The Joy of Sox has been writing about a problem with Major League Baseball’s DRM scheme. Boing Boing, Wired, Slashdot, and Techdirt have also picked up the story.

Apparently fans who purchased digital downloads from MLB have discovered that MLB has changed its DRM scheme.  Fans who downloaded complete games from MLB had to log in through an MLB web page to verify that the download in question was being viewed on the appropriate, licensed computer.  MLB has now removed this page, making those downloads unviewable.  Apparently MLB does not know when the problem will be fixed.  This means that those who purchased the downloads have been denied the benefits of their bargain.
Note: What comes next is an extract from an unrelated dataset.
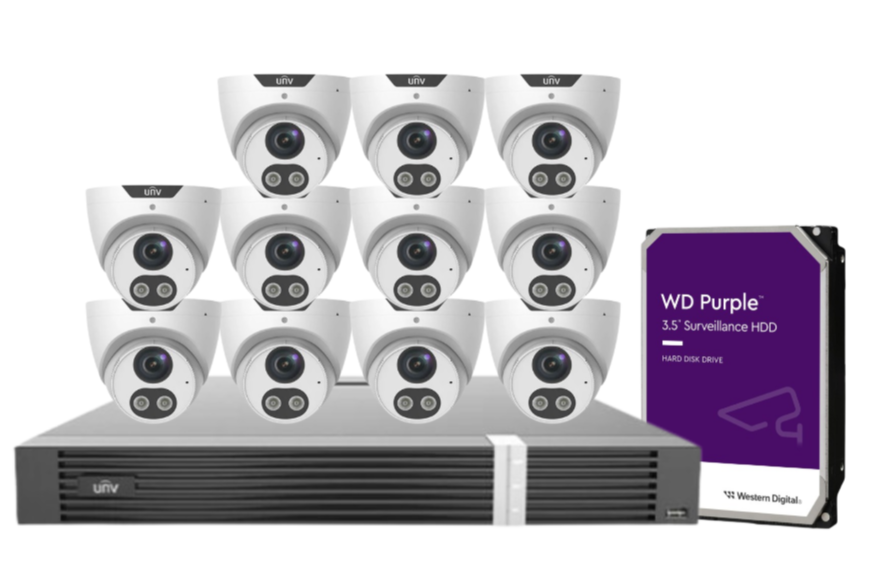 Uniview x16 Camera 8MP Triguard CCTV Kit with 16-Channel AI NVR & HDD | IPC3618SB-ADF28KMC-I0 + NVR302-16E2-P16-IQ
This illustrates one of the most significant problems with DRM.  Consumers who can’t view their downloads have no effective self-help.  Circumventing DRM controlling access to a copyrighted work is generally illegal. Even if there were some legal basis for circumvention, consumers can’t accomplish it easily because it’s also illegal to sell technology that makes circumvention possible.  Assuming for the sake of argument that this legal state of affairs is unlikely to change, one wonders whether some kind of consumer protection action against MLB becomes the best possibility for remedying this situation.  If MLB sold these downloads with the promise that purchasers could always view them after complying with the DRM protocol, and then fails to make good on that promise, isn’t this garden variety consumer fraud?  If so, perhaps a consumer class action or state attorney general suit will be forthcoming.